Recently I realized how attached I am to the person I used to be. My age even a year ago, my weight, my status. I obviously used to be younger, thinner, and earned more money. Looking at myself in the mirror and seeing the person that I am now is painful, to say the least. It's hard to face my current insecurities and I do my best to avoid it. Can anyone relate?
In a world where everyone is talking about self-love, acceptance, and body positivity speaking about insecurities isn't popular. Especially because by sharing them with the world we give others more reasons to point out things we so desperately try to ignore. But honestly, I think that more often than not we are our worst critics, and if anything sharing our struggles may show those who need it that they are far from being alone.
My negative self-talk is a result of years of criticism and disapproval from others as well as my inability to see my own worth. And that's ok. It's my story and believe it or not I accept it.
I will tell you this. Nobody loves themselves 24/7. It's ok not to like yourself all the time. However, what I want to achieve is just being OK with who I am and the changes that come with time. I want to offer myself compassion and even respect. Just like I would give it to anyone who I deeply care about. I know, I am not perfect, and honestly, I don't think anyone is. But clinging to the past version of myself and resisting change keeps me from exploring the better version of myself I can be.
Having negative self-talk is fine and at the end of the day acknowledging it is important. But it doesn't mean that you have to believe everything you "hear" in your mind and let it control your everyday life. I try to constantly remind myself that a journey to self-love takes time. If you are not there yet doesn't mean you never will be! And that, my friends, keeps me going!
"Toxic" Positivity in Dealing with Insecurities
With all of that being said how do I cope with feelings of self-hatred and resentment of change? At the end of the day, these are all no more than just seemingly motivational words. Well, I honestly don't do a lot to cope with them, I just let myself feel whatever it is I am feeling at the moment. That's also the reason why I started to share my journey online. I no longer wish to subscribe to all and all positivity movements and lie to myself and to others about fully loving and accepting myself. I want people to know that it's OK not to be completely happy with who you are right now. However, if it's something that you feel is making you feel depressed and unmotivated to get up in the morning, it's totally fine and even encouraged to seek professional help.

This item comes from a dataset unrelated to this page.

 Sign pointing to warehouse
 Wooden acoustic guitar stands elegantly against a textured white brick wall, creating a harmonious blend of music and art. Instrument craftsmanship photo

Positivity is not always toxic. If it is helpful to you then by all means go ahead and use positive affirmations, but to me denying my feelings has always made me feel worse. Avoidance makes my anxiety much more intense so it's easier for me to face my uncomfortable and painful feelings at times. Or should I say, healthier? I have come to realize there is a fine line between positivity and hiding my head in the sand.
Change isn't always bad. With things that we don't want to let go of come wisdom and strength that will eventually help us grow and overcome our insecurities and fears. That's my hope for today. What is yours?